Through meditation, walking excursions, conversation, talks and eurythmy with Robert Powell we celebrated and opened ourselves to experience the Sophianic Presence of this sacred and blessed island.
Here with some quotes relevant to our pilgrimage of Britain:
“We feel it will not be foreign to our purpose to discuss the legendary accounts of the Hyperboreans…Apollo is honoured among them above all other gods…And there is also on the island both a magnificent sacred precinct of Apollo and a notable temple…spherical in shape.” Footnote by C.H. Oldfather: “There seems good reason…to see in this people who live ‘beyond the north wind,’ as their name signifies, an early acquaintance of the Greeks, through the medium of the Celts, with Britain and its inhabitants…Apollo would be the Celtic sun-god Borvon, and the ‘sacred precinct’ of Apollo would be the famous Stone Age remains of Stonehenge.”
(Diodorus of Sicily, The Library of History, Book II, translation and commentary by C.H. Oldfather)“In the south of England, such a place is to be found at Glastonbury. It is the ancient Avalon, well-known through the story of King Arthur and his Round Table. In a beautiful garden with many roses and all kinds of other flowers, there is a very old well, the Chalice Well. Here the story is told about Joseph from Arimathea who came there after the crucifixion of Christ and poured out His Blood in the well. Since that moment the water that comes out of it has a wonderful healing power.”
(The Messenger of Chalice Well, no. 31, Easter, 1976, p. 22)“When here we climb the hills and come upon the Druid stones, which are monuments to the spiritual aspirations of those ancient times, it can be a warning to us that the longings of those people of old who strove after the spirit, and looked in their way for the coming Christ, will meet with fulfillment only when we, once again, have knowledge of the spirit, through the spiritual vision that is our way of looking for His coming. Christ must come again. Only thus can humanity learn to know Him in His spiritual form, as once, in bodily form, He went through the Mystery of Golgotha.”

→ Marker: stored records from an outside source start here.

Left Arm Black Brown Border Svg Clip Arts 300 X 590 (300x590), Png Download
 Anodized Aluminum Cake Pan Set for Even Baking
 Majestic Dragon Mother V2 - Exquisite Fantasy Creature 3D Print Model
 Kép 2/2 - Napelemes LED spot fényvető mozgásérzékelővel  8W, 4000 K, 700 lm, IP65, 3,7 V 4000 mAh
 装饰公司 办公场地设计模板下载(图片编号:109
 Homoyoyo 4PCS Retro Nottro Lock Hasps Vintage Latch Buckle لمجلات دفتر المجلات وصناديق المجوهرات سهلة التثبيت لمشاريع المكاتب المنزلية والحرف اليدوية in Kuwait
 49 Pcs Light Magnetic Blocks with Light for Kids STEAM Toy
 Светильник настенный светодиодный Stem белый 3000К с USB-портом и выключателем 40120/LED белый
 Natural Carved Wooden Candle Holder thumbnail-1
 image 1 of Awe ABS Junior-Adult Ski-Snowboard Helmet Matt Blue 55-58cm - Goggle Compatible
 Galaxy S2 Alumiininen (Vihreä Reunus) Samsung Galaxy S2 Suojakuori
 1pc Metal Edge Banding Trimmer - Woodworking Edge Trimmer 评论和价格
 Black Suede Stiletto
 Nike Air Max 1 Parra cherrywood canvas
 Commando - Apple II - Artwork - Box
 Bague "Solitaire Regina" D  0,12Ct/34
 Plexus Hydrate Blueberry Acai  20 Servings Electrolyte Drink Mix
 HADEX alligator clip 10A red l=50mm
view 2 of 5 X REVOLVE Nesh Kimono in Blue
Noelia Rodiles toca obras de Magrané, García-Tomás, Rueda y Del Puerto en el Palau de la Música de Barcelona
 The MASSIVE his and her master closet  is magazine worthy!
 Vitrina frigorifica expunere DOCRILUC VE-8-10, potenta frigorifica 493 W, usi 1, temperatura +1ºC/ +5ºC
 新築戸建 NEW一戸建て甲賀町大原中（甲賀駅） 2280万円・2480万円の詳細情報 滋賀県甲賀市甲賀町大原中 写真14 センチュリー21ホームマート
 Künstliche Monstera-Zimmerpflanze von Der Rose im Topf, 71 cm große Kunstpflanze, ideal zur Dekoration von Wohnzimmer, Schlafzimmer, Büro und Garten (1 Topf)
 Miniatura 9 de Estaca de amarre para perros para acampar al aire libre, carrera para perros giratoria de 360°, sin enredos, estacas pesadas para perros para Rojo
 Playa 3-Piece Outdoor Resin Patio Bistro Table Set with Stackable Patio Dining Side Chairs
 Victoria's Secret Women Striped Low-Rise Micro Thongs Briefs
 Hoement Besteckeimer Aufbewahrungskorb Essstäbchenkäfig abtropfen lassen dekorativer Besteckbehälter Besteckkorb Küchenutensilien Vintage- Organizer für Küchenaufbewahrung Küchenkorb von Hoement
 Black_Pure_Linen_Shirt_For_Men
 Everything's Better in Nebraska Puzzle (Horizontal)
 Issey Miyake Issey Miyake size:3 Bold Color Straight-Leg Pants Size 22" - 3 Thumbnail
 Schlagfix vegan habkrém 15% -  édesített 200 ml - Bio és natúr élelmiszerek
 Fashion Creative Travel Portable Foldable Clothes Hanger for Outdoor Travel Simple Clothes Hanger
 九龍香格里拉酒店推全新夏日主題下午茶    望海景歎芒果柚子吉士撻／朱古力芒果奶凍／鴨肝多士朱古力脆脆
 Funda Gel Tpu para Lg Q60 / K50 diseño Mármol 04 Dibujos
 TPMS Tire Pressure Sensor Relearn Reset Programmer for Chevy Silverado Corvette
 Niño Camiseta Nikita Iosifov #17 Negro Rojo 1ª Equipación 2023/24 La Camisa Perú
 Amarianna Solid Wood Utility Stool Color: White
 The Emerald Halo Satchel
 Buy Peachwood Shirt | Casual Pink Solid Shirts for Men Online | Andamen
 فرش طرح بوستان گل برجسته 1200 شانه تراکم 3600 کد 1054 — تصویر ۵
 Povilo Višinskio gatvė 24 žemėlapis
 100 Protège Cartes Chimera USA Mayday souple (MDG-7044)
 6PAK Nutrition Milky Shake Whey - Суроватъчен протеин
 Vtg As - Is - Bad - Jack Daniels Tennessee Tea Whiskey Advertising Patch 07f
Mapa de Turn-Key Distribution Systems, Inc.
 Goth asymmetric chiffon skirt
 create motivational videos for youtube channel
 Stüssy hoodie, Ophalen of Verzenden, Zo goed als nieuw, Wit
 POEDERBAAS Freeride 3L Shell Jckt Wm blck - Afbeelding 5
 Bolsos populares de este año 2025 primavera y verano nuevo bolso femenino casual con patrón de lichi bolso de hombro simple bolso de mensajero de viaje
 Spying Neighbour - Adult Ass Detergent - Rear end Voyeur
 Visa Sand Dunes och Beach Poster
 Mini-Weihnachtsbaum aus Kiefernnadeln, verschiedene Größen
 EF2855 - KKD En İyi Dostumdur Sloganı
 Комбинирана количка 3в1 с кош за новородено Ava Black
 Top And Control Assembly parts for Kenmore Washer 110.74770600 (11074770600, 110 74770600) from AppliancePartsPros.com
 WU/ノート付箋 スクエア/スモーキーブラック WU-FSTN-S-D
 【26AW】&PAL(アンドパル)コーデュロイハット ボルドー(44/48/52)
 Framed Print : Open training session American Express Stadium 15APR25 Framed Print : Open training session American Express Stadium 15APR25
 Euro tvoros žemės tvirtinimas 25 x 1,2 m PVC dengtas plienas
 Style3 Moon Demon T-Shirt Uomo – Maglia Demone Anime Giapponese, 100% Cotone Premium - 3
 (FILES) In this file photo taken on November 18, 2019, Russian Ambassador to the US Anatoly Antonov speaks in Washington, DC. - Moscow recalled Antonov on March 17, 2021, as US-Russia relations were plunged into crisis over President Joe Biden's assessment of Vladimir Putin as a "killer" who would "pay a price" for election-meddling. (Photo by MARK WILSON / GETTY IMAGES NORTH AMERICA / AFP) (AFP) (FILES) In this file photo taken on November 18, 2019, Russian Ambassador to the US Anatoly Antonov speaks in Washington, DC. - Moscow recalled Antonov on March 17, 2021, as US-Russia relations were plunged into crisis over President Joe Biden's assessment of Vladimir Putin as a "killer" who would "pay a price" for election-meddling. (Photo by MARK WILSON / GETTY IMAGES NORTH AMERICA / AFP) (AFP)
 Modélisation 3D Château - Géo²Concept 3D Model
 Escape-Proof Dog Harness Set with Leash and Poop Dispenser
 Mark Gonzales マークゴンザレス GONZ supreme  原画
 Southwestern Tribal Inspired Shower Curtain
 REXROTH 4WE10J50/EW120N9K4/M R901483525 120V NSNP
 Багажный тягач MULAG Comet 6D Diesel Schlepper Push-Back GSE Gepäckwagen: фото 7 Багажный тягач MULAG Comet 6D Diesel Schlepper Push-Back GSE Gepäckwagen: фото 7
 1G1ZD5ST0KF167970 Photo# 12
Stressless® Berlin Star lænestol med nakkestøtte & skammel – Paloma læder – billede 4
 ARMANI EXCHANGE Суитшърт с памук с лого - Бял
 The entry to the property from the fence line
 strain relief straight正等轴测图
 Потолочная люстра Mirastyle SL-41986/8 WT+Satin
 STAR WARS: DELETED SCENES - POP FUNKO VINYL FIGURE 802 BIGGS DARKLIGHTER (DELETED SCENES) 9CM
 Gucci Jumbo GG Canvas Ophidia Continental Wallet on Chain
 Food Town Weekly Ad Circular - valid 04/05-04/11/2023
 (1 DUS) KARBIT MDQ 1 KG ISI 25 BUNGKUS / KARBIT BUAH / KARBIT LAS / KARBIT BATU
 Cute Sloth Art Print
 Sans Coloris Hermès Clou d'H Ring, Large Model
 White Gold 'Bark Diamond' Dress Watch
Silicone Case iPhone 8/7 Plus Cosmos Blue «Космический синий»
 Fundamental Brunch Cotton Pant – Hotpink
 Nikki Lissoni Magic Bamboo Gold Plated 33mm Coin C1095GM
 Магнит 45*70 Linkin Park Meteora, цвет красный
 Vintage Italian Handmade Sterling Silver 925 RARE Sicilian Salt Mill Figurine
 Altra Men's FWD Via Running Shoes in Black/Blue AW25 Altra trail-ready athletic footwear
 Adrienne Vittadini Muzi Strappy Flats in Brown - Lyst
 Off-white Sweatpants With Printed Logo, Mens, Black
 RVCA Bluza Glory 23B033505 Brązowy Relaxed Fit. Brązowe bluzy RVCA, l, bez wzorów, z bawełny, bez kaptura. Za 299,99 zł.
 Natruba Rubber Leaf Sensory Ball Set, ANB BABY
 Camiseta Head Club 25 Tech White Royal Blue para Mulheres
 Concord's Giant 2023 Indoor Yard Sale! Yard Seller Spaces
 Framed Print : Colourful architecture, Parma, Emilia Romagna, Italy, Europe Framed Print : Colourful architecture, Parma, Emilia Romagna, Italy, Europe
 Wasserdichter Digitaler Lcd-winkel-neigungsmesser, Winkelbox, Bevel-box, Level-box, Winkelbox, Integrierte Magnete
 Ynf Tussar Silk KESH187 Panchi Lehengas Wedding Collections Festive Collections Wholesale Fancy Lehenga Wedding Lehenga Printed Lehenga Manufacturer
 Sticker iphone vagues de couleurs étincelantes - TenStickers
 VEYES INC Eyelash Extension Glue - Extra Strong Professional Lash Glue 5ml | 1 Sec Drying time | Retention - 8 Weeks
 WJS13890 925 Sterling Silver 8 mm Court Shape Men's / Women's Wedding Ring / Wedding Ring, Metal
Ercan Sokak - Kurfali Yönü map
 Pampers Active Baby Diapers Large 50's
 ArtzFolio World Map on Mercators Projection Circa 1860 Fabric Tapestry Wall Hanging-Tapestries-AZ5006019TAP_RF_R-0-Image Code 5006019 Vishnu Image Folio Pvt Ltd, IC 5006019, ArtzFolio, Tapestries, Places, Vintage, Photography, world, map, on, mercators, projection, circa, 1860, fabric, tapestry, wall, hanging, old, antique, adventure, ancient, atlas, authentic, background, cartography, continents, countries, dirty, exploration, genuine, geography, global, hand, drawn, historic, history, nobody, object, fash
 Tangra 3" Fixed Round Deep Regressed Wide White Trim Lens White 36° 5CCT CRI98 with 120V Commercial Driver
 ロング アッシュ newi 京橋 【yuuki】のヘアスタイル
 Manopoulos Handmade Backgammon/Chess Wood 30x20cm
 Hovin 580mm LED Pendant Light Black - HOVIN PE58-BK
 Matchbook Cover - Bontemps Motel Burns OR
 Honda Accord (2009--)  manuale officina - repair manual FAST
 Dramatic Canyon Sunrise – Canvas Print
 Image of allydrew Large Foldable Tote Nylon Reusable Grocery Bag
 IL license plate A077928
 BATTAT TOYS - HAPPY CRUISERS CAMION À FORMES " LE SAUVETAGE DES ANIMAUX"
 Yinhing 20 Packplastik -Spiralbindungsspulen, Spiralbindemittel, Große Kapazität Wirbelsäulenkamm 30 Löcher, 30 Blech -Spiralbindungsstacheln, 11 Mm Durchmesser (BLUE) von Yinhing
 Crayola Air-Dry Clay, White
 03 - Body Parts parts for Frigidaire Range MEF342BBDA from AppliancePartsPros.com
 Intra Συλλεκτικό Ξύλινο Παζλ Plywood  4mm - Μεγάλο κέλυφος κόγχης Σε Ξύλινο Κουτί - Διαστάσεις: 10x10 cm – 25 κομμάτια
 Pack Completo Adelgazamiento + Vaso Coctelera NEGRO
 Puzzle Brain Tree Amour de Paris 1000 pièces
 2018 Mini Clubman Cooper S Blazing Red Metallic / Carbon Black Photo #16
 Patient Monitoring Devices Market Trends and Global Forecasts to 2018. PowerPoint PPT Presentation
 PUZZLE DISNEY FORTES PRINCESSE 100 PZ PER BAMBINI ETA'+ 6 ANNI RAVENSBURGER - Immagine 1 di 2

(Closing words of the last lecture held by Rudolf Steiner at Penmaenmawr on August 31, 1923)“Sometimes I dream of the old prophecy that Christ shall come again upon Iona, and of that later and obscure prophecy which foretells, now as the Bride of Christ, now as the Daughter of God, now as the Divine Spirit embodied through mortal birth in a Woman, as once through mortal birth in a Man, the coming of a new Presence and Power: and dream that this may be upon Iona.”
(Fiona Macleod, Iona)
A LEGEND OF THE SOUL
The Holy Grail is represented invariably, except in one German version of the legend, as that vessel in which Christ either celebrated the Last Supper or consecrated for the first time the elements of the Eucharist. It is, therefore, a Passover or sacramental vessel and, according to the legend, its next use was to receive the blood from the wounds of Christ when His body was taken down from the cross, or alternatively, from the side which was pierced by the lance of Longinus.
From either point of view, the Holy Grail is a permanent Christian reliquary. Under circumstances which are recounted variously, the vessel, its content included, was carried westward in safe guardianship, finally coming to Britain and there remaining, either in the hands of successive keepers or in those of a single warden, whose life was prolonged through the centuries.
In the days of King Arthur, the prophet and magician, Merlin, assumed the responsibility of carrying the legend to its term, with which object he brought about the institution of the Round Table; and the flower of Arthurian chivalry - Perceval, Lancelot, Gawain, Bors, Galahad, among many others - set out to find the sacred vessel. Only a few were successful in their quest and that which followed was the removal or deeper concealment of the Holy Grail.